A group of Jewish faculty and local synagogue members are boycotting a Holocaust commemoration event at James Madison University scheduled for Thursday evening. Jewish members of the event’s organizing committee were allegedly kicked off after they deemed a planned musical section too celebratory for the occasion. The performance is to be given by the school’s provost, Heather Coltman, who is also a concert pianist.
Rabbi Jeffrey Kurtz-Lendner, who leads Beth El Congregation in Harrisonburg, Virginia, where the school is located, said that the Jewish faculty and staff on the committee were rebuffed.
A planned piano performance by Heather Coltman, provost of James Madison University, during a Holocaust event struck some members of the Jewish community as inappropriate. Photo by James Madison University
“They were told, ‘Well, this is what it is, we don’t care what you have to say,’” Kurtz-Lendner said in an interview.
Kurtz-Lendner wrote a letter to Jonathan Alger, the university’s president, Wednesday, objecting to the program.
Narketta Sparkman-Key, associate provost overseeing diversity, said in a statement that officials were unaware of concerns about the event. “This event is to create an opportunity for people to learn about the lived experiences of others and honor the Holocaust Remembrance Day through educational and solemn means,” she said.
A program for the event, scheduled for 6 p.m. Thursday, describes it as “an evening conversation on the history and legacy of the Holocaust.” In addition to lectures on “Lessons and Legacies of Auschwitz,” and “Antisemitism and White Supremacy,” it also features a section called “Music as Refuge in the Holocaust” performed by Coltman and Jo-Anne van der Vat-Chromy, a member of the music faculty.

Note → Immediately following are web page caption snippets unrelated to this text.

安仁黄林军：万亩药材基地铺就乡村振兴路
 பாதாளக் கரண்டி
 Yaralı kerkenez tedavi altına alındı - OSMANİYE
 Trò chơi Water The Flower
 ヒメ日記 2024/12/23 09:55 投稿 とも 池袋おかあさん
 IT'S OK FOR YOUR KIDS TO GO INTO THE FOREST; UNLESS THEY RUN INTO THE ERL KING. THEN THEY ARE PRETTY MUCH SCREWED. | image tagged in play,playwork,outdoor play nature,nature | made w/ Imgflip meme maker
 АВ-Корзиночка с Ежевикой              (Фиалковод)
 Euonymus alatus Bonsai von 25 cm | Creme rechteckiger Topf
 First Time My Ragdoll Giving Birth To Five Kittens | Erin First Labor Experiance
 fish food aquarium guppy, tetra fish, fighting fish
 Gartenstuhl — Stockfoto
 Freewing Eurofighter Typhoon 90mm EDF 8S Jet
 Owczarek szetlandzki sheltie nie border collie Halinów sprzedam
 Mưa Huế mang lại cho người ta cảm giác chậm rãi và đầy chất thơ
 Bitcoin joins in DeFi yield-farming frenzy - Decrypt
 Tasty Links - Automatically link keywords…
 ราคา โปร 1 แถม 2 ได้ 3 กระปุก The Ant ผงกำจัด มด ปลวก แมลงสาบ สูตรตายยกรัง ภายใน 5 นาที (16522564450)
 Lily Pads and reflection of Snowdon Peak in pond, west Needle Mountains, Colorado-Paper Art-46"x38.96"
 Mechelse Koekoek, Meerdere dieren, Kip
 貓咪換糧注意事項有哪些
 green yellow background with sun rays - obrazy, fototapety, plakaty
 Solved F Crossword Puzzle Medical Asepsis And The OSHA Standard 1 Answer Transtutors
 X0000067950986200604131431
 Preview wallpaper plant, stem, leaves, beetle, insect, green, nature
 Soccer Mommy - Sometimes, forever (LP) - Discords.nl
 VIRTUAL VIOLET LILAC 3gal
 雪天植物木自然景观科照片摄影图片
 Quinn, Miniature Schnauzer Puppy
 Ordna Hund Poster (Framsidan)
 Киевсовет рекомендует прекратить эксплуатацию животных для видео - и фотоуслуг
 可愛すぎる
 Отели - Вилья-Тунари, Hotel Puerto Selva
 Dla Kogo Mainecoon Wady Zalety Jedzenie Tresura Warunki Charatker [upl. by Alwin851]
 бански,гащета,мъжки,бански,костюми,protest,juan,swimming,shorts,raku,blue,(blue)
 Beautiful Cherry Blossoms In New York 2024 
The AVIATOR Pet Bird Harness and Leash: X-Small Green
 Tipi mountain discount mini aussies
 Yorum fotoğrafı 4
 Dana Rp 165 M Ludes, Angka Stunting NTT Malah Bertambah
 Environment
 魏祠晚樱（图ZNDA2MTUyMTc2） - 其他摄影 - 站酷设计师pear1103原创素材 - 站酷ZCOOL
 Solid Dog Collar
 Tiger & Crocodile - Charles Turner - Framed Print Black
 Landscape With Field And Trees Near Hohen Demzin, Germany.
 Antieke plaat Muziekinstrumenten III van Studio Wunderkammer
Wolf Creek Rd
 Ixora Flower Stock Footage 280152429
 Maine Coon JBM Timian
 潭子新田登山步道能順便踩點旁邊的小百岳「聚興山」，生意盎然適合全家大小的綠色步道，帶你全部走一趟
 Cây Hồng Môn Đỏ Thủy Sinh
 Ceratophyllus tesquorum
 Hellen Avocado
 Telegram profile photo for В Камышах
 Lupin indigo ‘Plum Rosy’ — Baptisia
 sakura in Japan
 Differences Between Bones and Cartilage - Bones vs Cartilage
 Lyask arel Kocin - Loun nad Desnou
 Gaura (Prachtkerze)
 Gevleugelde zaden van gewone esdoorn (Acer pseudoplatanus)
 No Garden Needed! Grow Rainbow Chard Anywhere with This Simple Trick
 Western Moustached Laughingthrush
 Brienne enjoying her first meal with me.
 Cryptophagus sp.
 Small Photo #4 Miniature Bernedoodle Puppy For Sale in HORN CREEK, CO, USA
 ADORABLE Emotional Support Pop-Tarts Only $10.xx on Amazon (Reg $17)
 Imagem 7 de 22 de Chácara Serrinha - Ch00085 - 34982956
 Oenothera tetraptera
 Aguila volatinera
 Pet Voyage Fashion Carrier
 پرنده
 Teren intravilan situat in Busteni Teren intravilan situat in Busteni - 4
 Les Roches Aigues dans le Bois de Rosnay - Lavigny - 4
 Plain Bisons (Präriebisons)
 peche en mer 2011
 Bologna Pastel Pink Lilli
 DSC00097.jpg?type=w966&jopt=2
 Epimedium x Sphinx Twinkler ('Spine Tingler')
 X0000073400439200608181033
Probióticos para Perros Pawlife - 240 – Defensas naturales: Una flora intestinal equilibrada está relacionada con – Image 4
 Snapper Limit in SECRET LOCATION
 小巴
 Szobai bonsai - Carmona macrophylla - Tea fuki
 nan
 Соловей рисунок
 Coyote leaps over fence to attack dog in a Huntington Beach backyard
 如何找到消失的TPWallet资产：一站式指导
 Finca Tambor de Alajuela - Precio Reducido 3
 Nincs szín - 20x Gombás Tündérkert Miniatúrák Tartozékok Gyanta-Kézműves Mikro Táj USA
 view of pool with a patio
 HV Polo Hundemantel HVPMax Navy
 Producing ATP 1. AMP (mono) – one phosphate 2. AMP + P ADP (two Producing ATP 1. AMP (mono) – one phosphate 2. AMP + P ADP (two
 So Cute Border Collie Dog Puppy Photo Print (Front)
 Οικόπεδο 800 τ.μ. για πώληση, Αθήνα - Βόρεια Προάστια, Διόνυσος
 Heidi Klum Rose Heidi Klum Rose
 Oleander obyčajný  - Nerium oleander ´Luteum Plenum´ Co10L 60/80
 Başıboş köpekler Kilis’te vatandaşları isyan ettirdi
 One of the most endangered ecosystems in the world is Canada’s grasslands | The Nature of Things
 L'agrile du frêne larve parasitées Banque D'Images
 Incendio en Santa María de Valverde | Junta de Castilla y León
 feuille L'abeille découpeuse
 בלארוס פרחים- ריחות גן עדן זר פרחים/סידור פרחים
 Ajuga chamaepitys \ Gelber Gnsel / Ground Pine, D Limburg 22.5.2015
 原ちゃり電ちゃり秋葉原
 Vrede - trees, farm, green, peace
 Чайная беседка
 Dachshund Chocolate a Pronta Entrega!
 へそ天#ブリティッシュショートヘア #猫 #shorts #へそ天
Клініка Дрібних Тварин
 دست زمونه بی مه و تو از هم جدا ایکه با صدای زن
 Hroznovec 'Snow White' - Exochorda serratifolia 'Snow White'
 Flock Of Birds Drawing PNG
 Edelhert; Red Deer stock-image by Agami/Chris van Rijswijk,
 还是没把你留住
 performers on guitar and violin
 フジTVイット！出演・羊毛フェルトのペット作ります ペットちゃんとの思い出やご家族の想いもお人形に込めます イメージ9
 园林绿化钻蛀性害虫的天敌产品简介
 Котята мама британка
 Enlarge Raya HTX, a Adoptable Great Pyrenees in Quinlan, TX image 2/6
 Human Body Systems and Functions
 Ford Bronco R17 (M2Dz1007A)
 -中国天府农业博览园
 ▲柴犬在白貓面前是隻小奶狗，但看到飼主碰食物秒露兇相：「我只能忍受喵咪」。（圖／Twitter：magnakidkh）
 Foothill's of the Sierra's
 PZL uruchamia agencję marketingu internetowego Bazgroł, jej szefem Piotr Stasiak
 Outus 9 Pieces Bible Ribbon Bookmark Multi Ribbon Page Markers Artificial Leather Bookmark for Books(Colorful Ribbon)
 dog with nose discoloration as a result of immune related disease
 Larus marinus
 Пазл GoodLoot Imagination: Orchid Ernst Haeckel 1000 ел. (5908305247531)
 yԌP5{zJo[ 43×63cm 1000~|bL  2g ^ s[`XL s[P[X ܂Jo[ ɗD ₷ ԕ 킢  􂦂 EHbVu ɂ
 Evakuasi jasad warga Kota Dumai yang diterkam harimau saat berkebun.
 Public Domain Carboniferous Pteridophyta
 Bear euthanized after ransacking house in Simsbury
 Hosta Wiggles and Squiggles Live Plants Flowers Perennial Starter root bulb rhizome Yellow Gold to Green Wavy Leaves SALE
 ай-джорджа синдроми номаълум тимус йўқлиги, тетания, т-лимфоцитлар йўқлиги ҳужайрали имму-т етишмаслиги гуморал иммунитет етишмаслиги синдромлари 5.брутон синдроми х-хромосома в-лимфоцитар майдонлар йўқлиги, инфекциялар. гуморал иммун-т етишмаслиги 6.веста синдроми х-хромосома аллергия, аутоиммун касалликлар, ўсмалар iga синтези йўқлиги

Kurtz-Lendner said that too much emphasis was being placed on the musical selections, and that Alan Berger, a Florida Atlantic University professor, had been asked to limit his remarks on Auschwitz to ten minutes.
“The whole program is designed to use the Holocaust as an opportunity for the university to have a celebration,” said Kurtz-Lender, whose Reform congregation has about 70 member families. “It’s basically a Holocaust Memorial Day Macy’s sale.”
Coltman’s office referred questions to Sparkman-Key who did not immediately respond. It is not clear what pieces will be performed.
Two dozen current and past John Madison faculty and staff, who did not list their names, sent a letter to Alger, the president, announcing that they would boycott the event. The undated letter was republished by the Breeze, the school’s student newspaper, Thursday morning.
“I’ve had several people say to me, ‘Oh, I’m gonna go to the thing on Thursday. See you there,’ and my answer, of course, is, ‘Thank you, you know, I’m not attending,’” Maura Hametz, who runs the history department at John Madison and was one of the Jewish faculty who signed the letter, told the Breeze.
Program sparks controversy
The event program states that it is being sponsored by the Gandhi Center for Global Nonviolence on campus, but director Taimi Castle told the Breeze that the center’s representative had pulled out of the planning process in October and she would have withdrawn support if she had been aware of the concerns.
The program also lists Randi Nagel, rabbi of Temple House of Israel in neighboring Saunton as offering a “community welcome” but Kurtz-Lendner said Nagel pulled out after he informed her of the local concerns.
“I am not participating,” Nagel said in an email. “I was not able to attend.”
Kurtz-Lendner said that Sparkman-Key, who is also speaking at the event, had alienated some members of the Jewish community by writing on social media during a visit to Israel that Jesus had parted the Red Sea.
Sparkman-Key, who frequently invokes God on Twitter, did not immediately respond to a request for comment.
Zach Ginsberg, vice president of the campus Hillel, is also listed on the program reading a poem. JMU Hillel, which is not professionally staffed, did not immediately respond to a request for comment.
Hillel estimates that James Madison has approximately 1,200 Jewish students, which would account for 6% of the public university’s total student population. Harrisonburg, a community of 50,000 about 130 miles southwest of Washington, D.C, has a small Jewish community. In addition to Beth El Congregation, James Madison has a Chabad house.